Fool To Love You (Long Version)

Our State Treasurer, Ted Wheeler, is reported to have written a letter to the PERS Board urging them to consider lowering the assumed rate from its current 8% to something closer to 6%.  Ted also suggested that retirees share the burden of future cuts to PERS by altering the COLA provisions to apply to only a certain portion of a retiree's benefit.  No amount was given, but a guessing person might be inclined to think that Ted would be happy with something along the range of the mean PERS benefit (roughly $25,000 per year).

Between Ted Wheeler and Knute Buehler, candidate for Secretary of State, PERS members don't need any enemies in the Legislature.  One current office holder, Wheeler (what is it with guys named Ted?), and another candidate for an unrelated office want to take away benefits from existing retirees, and hammer current workers getting close to retirement.  
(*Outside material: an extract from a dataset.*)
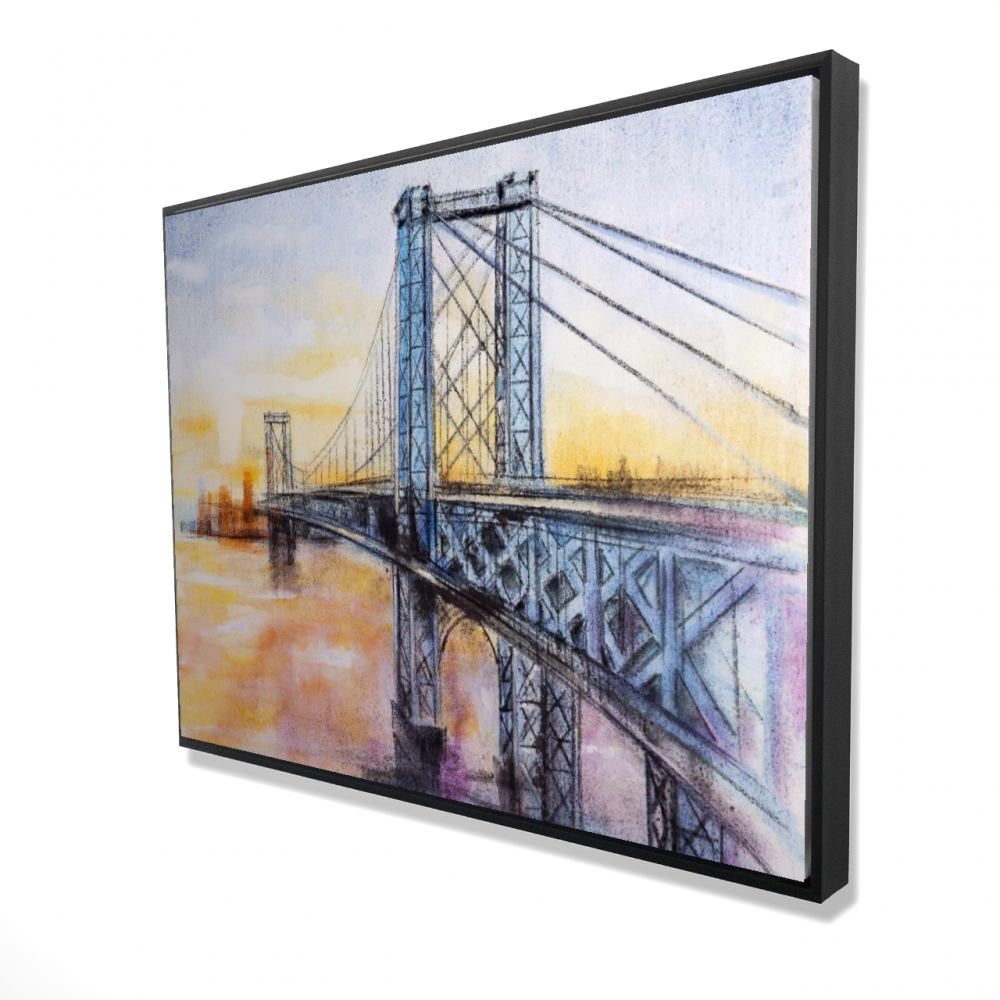 2081-3648-CI210 36 x 48 in. Abstract Brooklyn Bridge - Cities Illustrative Framed Canvas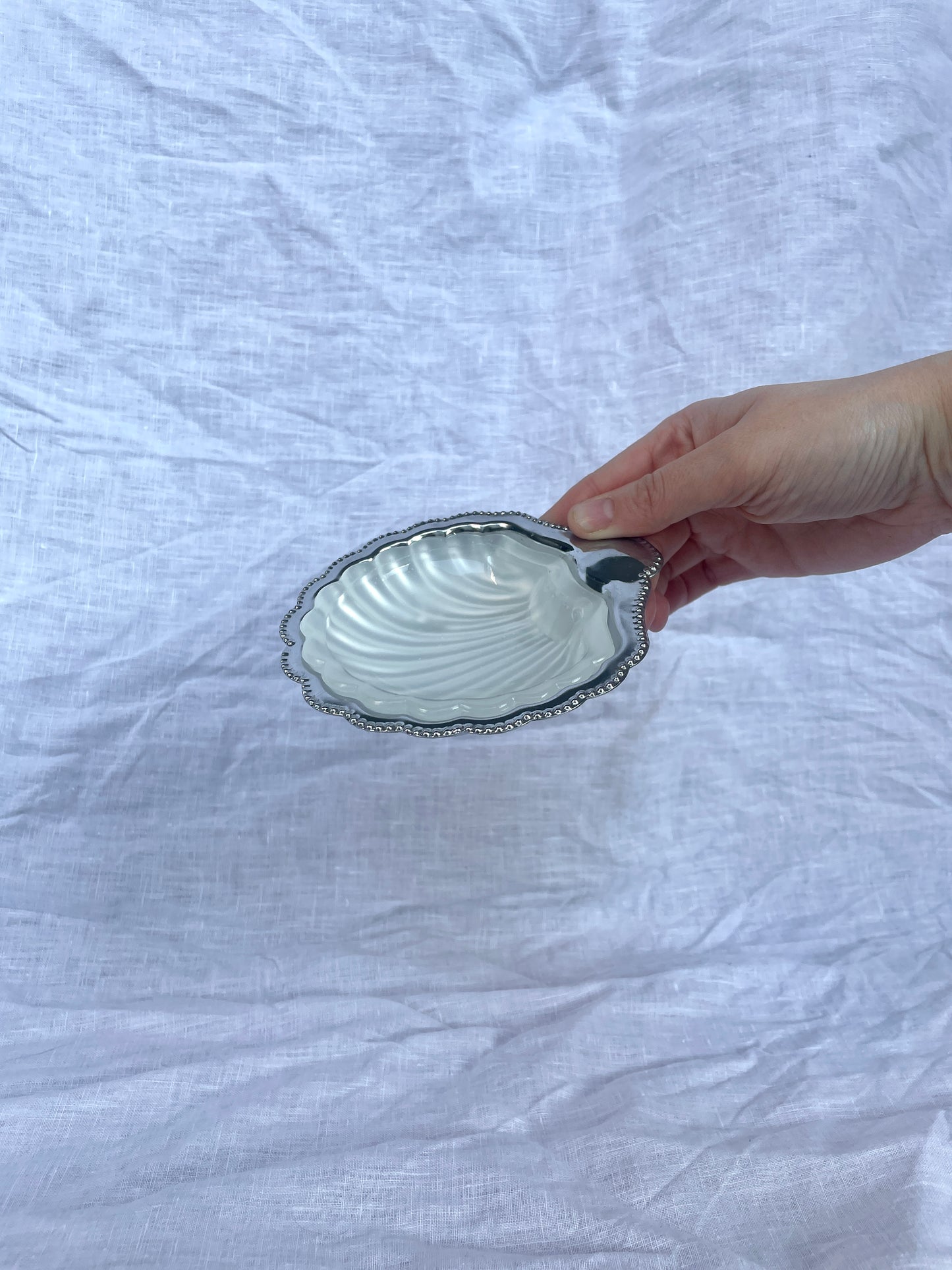 Silver shell butter dish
First, for the assumed rate change.  It is well-known that the PERS Board, along with the independent actuary working with PERS, determine the assumed rate.  The last time this issue arose was in 2011, when the PERS Board and the actuary considered changes from the current 8% to either 7.5% or 7.75%.  The actuary concluded that the long term (30 year) likelihood range of returns on investment would be between 7.75 and 8.25%.  At the time, there seemed to be no compelling reason for PERS to change its assumed rate from 8%, since the middle of the estimates included that very value.  Fast forward a bit more than a year later and public retirement systems across the country are reconsidering their assumed rate profiles and many are lowering their long-term estimates from 8% or more to the mid 7% range.  CalPERS and CalStrs - the two biggest retirement systems in the country - lowered their assumed rate to 7.75% last year, and to 7.5% this year.  There is no doubt that the 8% assumption is probably too high, and there is no doubt that the PERS Board has the authority and responsibility to change it.  Whether it deserves to be dropped all the way down to 6% is an entirely different argument.  I can find no evidence anywhere that public systems are going that low.  The lowest I've seen assumptions from systems in PERS' range is about 7% - most are higher.  A reduction to 6% would have profound effects on future retirees, current Tier 1 members, and employers.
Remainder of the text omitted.